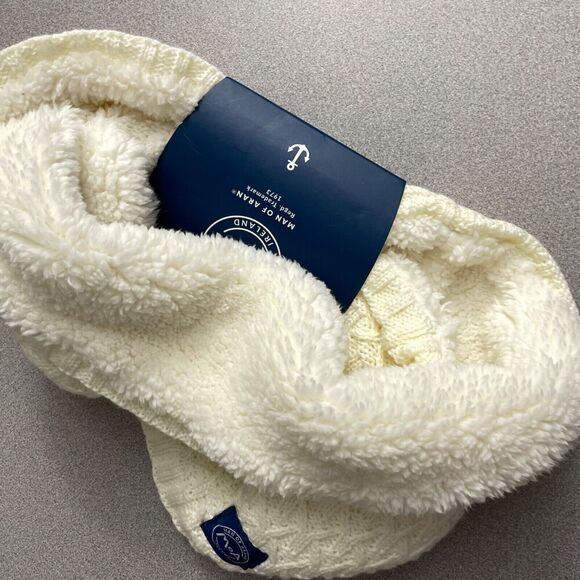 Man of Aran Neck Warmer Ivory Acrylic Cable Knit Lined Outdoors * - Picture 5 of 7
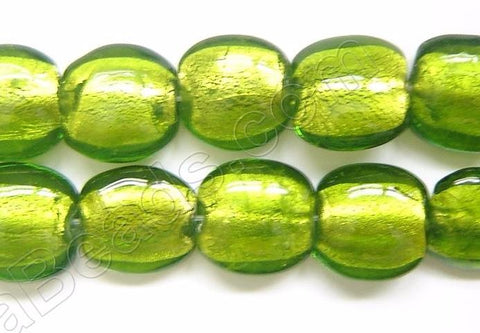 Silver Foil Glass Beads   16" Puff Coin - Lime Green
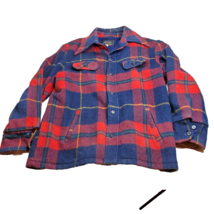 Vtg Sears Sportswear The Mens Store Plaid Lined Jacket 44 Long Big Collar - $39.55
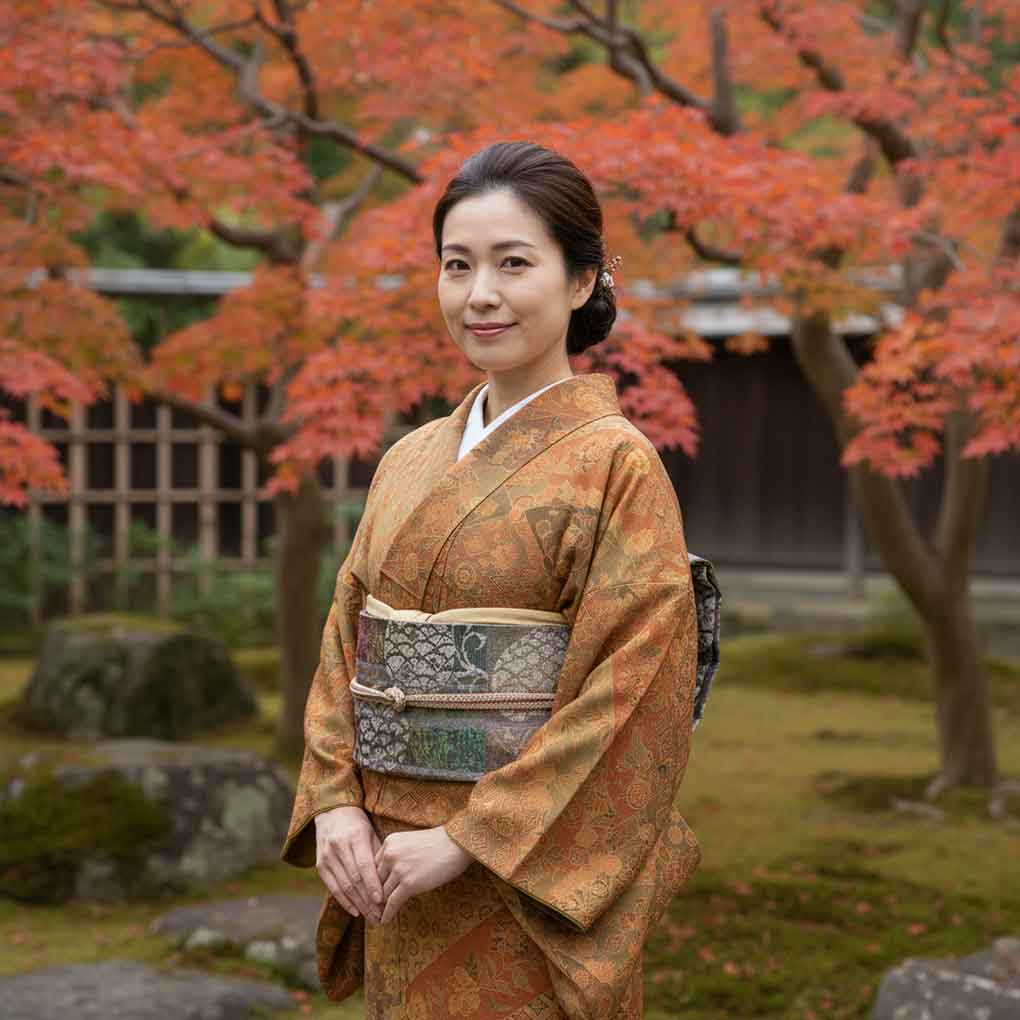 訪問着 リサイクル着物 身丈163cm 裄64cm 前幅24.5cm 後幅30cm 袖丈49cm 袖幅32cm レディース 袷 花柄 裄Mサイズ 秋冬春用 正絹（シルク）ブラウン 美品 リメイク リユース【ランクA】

◆ ◆ ◆

* Exercise requirements: Copy every line above exactly, leaving no picture in the copy.

* Solution for this problem:
 Man of Aran Neck Warmer Ivory Acrylic Cable Knit Lined Outdoors * - Picture 5 of 7
 Silver Foil Glass Beads   16" Puff Coin - Lime Green
 Vtg Sears Sportswear The Mens Store Plaid Lined Jacket 44 Long Big Collar - $39.55
 訪問着 リサイクル着物 身丈163cm 裄64cm 前幅24.5cm 後幅30cm 袖丈49cm 袖幅32cm レディース 袷 花柄 裄Mサイズ 秋冬春用 正絹（シルク）ブラウン 美品 リメイク リユース【ランクA】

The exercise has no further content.